Star Movies
- Country: Albania Bosnia and Herzegovina Croatia Kosovo Montenegro North Macedonia Serbia Slovenia
- Headquarters: Sofia, Bulgaria

Programming
- Language: English (audio)
- Picture format: 576i (SDTV) 1080i (HDTV)

Ownership
- Owner: The Walt Disney Company Bulgaria (Disney Entertainment)
- Sister channels: Star Channel Star Life National Geographic Channel Nat Geo Wild BabyTV 24Kitchen Star Crime

History
- Launched: 15 October 2012; 13 years ago

Links
- Website: http://starchannel-rs.com/ (Serbia) http://www.starchannel-si.com/ (Slovenia) https://www.starchanneltv-hr.com/ (Croatia)

= Star Movies (Balkans) =

Movie channel in the Balkans

Star Movies is a television network, managed by The Walt Disney Company Bulgaria, which airs across several countries in Europe.
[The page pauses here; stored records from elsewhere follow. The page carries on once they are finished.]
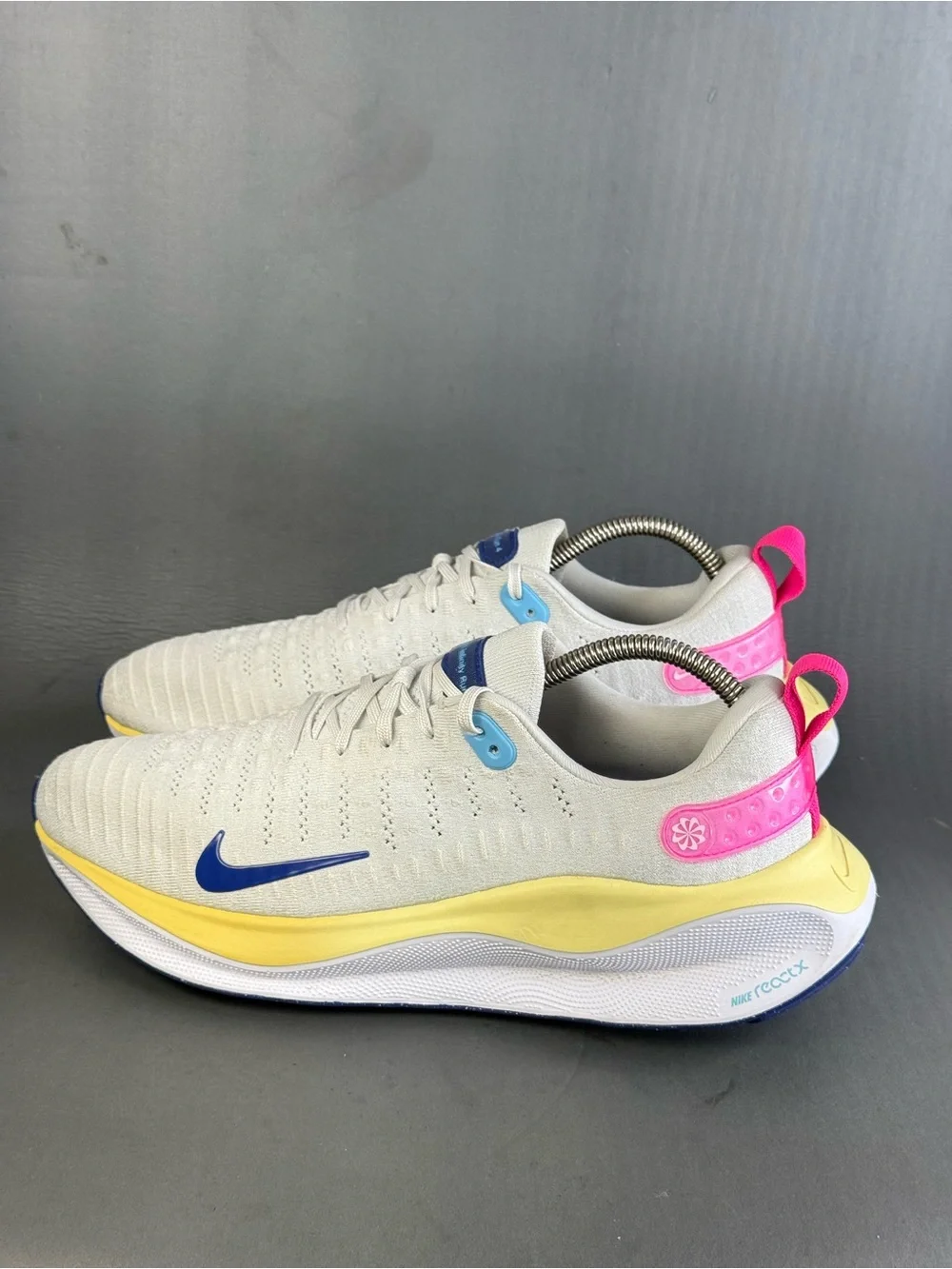 Nike ReactX Infinity Run 4 Photon Dust Saturn Gold Deep Royal mens size 10.5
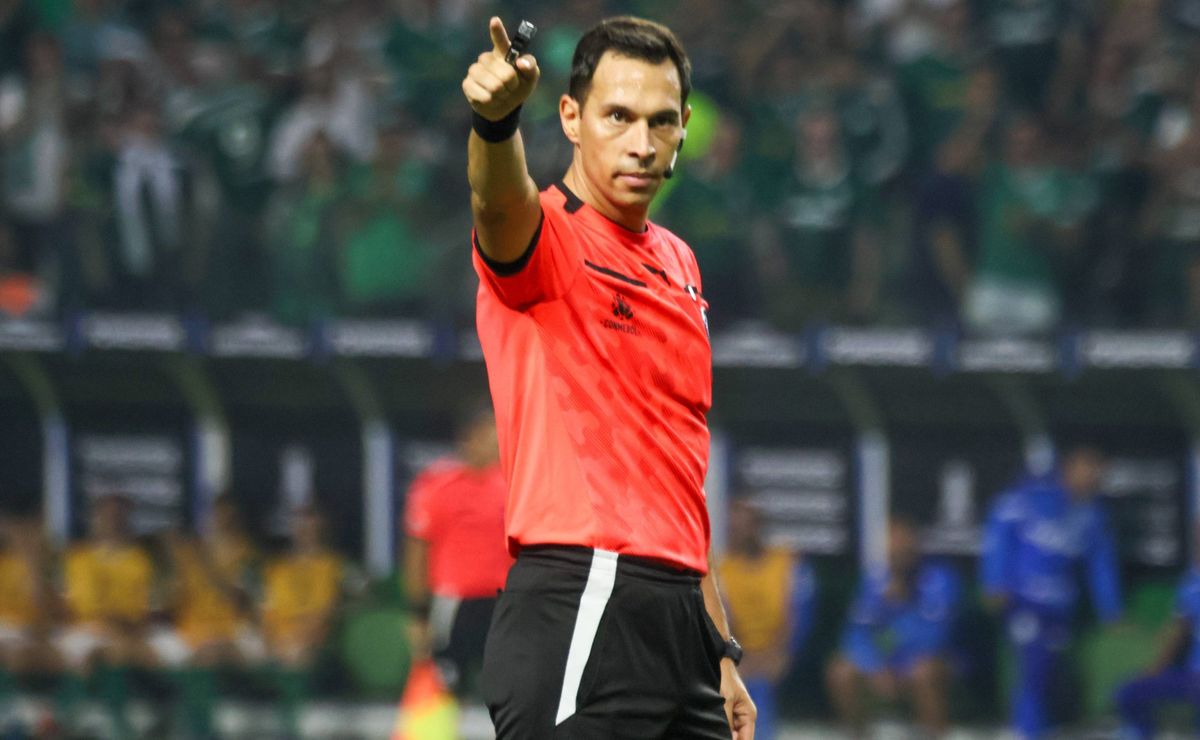 Torcedores do Galo acusam arbitragem de 'roubo' após não marcar pênalti em Deyverson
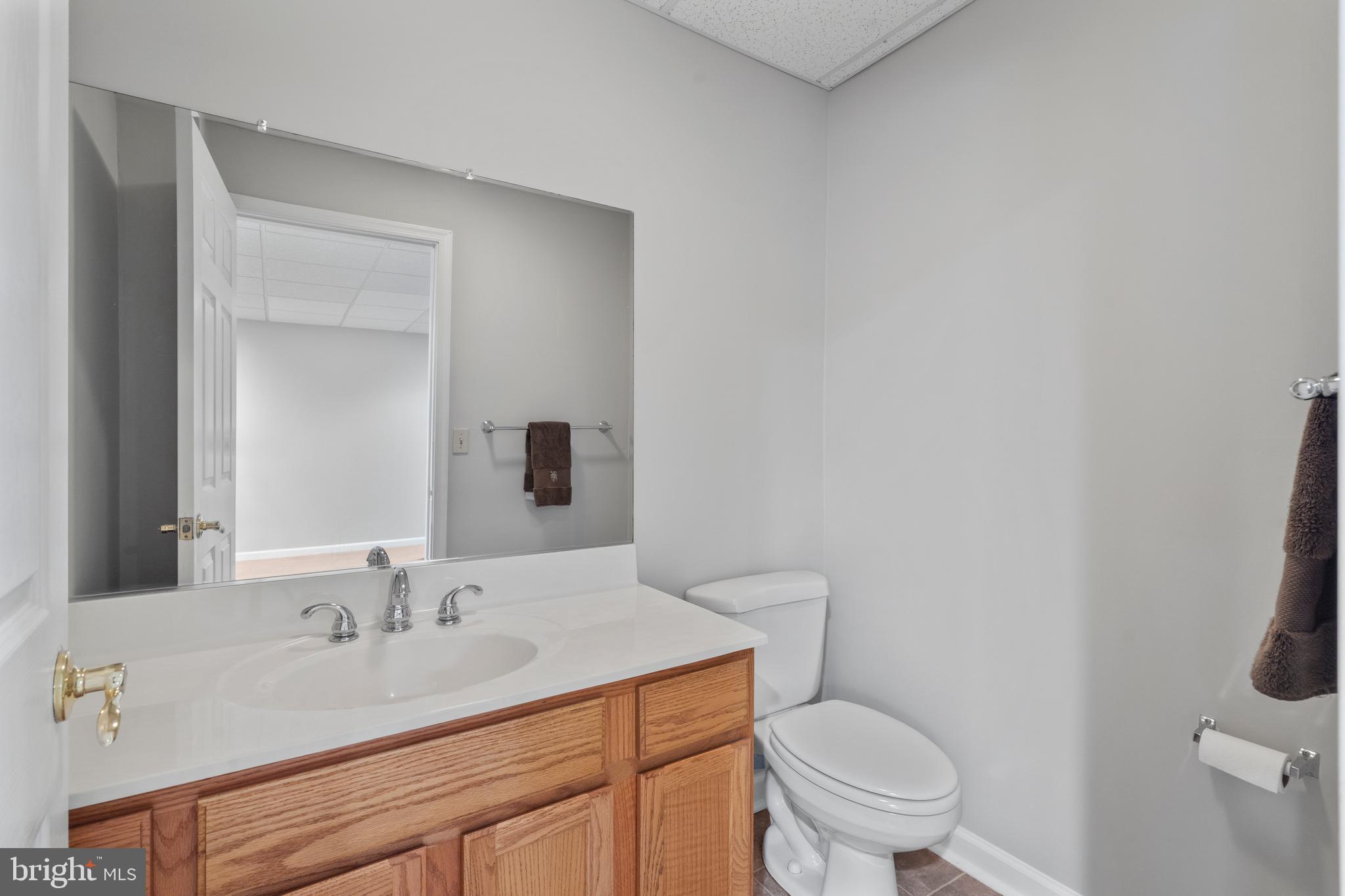 HILLCREST MDWS - Residential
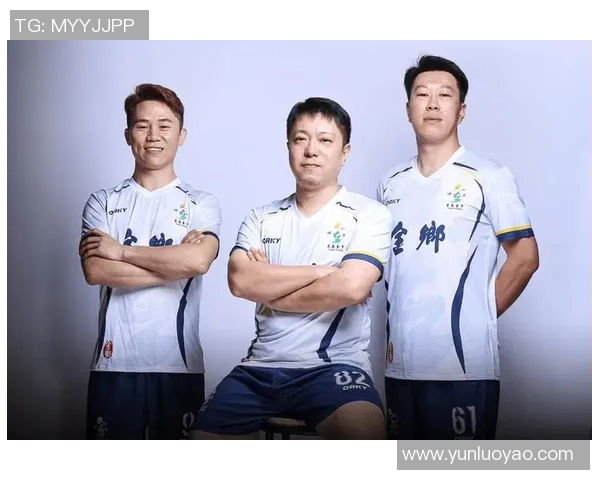 苍南地区足球明星盘点及其在国内外赛场的精彩表现与成就分析 苍南地区足球明星盘点及其在国内外赛场的精彩表现与成就分析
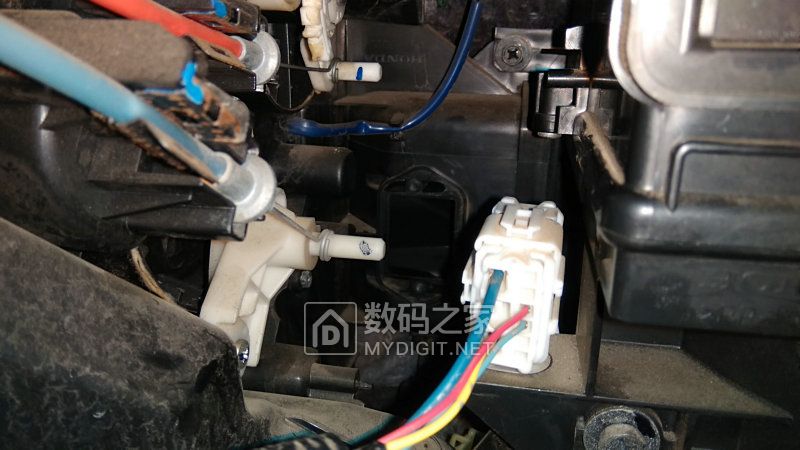 本田锋范空调鼓风机异响解决方法,本田锋范鼓风机老是坏是怎么回事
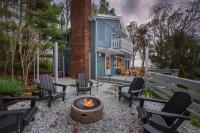 Game Room & Mini Golf Hot Tub Fire Pit - B&B Arden
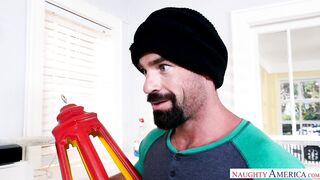 Jade Jantzen fucking in the couch with her tattoos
Its basic programming includes numerous productions by 20th Century Studios, Disney, Columbia Pictures, Pixar, Marvel Studios, Metro-Goldwyn-Mayer, and DreamWorks.

It was launched in Bulgaria and other Balkan countries as Fox Movies on 15 October 2012. On 7 June 2023, it was announced that Fox Movies would be rebrand to Star Movies on October 1, 2023. It is a Hollywood movie channel whose main competitor is HBO Europe.